Task details: Begin at the first line of the records below and, please, give each line again exactly until the line with "LED Guitar Picks" is included.

** Opening Records to process block **

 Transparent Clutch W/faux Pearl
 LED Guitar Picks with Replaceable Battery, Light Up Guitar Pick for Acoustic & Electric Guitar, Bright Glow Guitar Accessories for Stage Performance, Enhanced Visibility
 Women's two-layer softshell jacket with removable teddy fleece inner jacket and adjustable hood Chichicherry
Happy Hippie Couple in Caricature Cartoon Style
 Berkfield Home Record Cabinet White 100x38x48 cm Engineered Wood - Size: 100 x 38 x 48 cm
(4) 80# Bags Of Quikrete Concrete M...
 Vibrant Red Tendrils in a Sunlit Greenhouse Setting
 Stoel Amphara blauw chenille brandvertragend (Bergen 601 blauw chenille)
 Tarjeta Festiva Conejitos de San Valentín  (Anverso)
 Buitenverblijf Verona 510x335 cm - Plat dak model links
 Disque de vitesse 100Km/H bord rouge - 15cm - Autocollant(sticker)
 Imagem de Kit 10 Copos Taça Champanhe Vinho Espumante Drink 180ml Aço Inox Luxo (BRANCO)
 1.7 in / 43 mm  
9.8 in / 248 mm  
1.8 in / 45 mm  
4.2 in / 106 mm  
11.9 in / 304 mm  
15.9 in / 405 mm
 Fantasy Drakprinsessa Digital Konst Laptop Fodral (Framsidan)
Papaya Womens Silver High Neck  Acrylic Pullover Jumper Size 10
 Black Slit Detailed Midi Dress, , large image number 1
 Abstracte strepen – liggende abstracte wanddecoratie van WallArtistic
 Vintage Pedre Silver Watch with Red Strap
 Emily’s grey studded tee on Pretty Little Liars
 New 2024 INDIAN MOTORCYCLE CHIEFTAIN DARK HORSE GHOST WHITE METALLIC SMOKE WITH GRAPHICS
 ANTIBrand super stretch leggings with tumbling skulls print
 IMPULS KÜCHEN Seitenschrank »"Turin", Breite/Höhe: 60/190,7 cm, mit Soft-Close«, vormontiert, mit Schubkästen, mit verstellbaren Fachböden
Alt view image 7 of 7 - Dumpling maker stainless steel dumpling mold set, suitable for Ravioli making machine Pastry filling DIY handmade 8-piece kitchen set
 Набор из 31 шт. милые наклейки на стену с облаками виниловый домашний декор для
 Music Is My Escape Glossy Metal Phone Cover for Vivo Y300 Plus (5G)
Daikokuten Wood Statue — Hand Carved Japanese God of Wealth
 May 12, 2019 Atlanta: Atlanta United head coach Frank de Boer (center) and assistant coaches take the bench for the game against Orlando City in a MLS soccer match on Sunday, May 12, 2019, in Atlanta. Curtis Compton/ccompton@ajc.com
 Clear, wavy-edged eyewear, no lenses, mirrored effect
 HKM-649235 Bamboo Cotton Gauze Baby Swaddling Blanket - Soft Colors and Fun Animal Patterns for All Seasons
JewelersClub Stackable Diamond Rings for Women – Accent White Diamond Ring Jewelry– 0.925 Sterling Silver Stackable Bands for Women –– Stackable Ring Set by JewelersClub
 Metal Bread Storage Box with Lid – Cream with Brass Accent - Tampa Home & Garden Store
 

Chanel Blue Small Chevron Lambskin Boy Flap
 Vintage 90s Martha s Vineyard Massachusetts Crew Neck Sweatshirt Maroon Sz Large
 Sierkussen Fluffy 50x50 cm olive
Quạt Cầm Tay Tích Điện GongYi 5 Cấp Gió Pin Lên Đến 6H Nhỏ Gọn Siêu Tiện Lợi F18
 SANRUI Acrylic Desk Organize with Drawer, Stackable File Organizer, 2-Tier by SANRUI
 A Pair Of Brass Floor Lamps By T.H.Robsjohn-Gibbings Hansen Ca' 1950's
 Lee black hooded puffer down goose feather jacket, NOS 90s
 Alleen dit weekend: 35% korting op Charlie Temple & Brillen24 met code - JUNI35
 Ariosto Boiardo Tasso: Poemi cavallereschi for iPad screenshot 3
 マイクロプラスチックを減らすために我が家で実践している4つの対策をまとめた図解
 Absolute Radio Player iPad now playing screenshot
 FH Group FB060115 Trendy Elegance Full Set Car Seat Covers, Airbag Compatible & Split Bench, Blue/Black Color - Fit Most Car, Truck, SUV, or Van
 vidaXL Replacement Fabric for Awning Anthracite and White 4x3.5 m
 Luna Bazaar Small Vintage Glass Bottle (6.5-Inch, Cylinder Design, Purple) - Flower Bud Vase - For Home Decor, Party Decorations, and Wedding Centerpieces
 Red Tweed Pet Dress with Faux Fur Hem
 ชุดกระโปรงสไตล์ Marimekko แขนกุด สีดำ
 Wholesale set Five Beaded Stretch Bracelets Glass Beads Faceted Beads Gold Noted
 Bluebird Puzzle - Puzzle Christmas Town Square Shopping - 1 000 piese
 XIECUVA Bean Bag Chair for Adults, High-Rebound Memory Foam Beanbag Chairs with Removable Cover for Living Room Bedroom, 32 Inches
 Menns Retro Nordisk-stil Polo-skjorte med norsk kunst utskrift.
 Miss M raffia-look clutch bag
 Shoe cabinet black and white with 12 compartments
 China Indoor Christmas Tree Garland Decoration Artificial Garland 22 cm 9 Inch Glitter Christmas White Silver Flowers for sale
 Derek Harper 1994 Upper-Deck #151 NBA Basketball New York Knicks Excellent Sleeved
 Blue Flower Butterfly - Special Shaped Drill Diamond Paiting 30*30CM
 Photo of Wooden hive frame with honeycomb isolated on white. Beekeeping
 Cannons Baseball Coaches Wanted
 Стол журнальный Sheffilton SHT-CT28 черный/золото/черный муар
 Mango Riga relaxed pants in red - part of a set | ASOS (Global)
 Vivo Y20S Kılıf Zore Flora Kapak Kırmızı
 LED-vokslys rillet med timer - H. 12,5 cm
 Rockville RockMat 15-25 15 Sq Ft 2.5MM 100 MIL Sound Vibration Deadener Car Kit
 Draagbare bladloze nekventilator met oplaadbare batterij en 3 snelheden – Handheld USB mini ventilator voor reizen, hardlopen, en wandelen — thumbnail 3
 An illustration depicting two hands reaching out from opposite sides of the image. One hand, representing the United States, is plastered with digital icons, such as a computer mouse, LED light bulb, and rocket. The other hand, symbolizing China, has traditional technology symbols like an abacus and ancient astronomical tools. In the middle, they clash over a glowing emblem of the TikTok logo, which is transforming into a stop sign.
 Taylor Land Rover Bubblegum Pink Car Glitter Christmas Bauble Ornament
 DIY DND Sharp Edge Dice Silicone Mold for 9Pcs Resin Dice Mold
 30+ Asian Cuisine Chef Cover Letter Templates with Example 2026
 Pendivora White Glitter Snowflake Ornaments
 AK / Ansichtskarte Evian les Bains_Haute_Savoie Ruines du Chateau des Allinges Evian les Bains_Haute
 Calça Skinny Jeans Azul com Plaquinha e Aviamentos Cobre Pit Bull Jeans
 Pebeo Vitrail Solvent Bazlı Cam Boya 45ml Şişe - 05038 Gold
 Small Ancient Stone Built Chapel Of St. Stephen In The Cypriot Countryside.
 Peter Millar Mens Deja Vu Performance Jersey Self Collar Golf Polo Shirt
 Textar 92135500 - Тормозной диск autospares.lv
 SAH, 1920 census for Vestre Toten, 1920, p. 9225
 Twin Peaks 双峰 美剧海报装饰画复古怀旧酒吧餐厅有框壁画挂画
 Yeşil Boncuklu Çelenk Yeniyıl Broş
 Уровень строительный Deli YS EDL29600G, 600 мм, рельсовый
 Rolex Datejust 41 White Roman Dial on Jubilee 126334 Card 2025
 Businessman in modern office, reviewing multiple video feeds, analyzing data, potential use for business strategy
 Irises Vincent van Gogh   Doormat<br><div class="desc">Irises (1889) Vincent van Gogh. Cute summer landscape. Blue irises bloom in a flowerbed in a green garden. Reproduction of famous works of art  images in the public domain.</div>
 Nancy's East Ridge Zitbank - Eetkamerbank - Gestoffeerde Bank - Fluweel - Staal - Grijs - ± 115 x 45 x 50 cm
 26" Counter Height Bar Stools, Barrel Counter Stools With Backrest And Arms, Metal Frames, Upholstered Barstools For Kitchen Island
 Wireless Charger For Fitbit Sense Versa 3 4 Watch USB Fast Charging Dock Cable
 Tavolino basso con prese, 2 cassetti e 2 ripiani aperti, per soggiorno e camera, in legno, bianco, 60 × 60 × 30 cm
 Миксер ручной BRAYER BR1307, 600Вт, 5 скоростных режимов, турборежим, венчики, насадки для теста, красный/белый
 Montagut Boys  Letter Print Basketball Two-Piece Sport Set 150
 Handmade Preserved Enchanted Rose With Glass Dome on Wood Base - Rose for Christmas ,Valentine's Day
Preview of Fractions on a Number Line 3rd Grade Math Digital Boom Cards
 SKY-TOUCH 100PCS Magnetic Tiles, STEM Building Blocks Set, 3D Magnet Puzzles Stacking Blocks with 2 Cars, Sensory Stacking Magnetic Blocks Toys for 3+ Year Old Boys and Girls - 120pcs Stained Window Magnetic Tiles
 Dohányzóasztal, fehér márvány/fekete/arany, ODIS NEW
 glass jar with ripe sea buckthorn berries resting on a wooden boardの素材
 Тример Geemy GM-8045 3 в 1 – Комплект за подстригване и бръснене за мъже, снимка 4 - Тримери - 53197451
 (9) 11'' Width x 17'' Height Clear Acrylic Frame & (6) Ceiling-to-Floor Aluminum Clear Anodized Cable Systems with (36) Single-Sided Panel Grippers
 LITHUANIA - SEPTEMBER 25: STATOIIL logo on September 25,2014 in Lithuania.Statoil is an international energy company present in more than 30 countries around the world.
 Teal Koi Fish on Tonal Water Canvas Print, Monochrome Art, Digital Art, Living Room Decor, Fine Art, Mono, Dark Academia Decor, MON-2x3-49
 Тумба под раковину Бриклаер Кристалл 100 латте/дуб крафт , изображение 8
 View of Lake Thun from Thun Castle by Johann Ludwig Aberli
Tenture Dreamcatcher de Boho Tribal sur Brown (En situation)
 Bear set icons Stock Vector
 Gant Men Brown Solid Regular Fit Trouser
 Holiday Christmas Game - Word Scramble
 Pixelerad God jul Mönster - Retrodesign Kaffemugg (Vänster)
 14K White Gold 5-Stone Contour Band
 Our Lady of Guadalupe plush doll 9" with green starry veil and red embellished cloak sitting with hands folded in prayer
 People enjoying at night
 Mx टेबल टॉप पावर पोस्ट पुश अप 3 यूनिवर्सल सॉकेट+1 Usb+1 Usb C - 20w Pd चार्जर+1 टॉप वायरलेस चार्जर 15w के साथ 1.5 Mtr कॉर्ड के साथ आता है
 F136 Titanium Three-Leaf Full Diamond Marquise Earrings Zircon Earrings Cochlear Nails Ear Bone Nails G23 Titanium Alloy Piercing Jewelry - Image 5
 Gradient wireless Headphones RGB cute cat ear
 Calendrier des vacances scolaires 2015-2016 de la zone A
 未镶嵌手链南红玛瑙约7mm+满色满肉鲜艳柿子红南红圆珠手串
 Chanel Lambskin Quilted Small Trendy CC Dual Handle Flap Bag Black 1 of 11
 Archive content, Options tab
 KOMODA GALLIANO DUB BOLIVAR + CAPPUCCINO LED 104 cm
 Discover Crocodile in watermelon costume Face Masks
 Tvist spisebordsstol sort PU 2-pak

** Closing Records to process block **

Response to this task:
 Transparent Clutch W/faux Pearl
 LED Guitar Picks with Replaceable Battery, Light Up Guitar Pick for Acoustic & Electric Guitar, Bright Glow Guitar Accessories for Stage Performance, Enhanced Visibility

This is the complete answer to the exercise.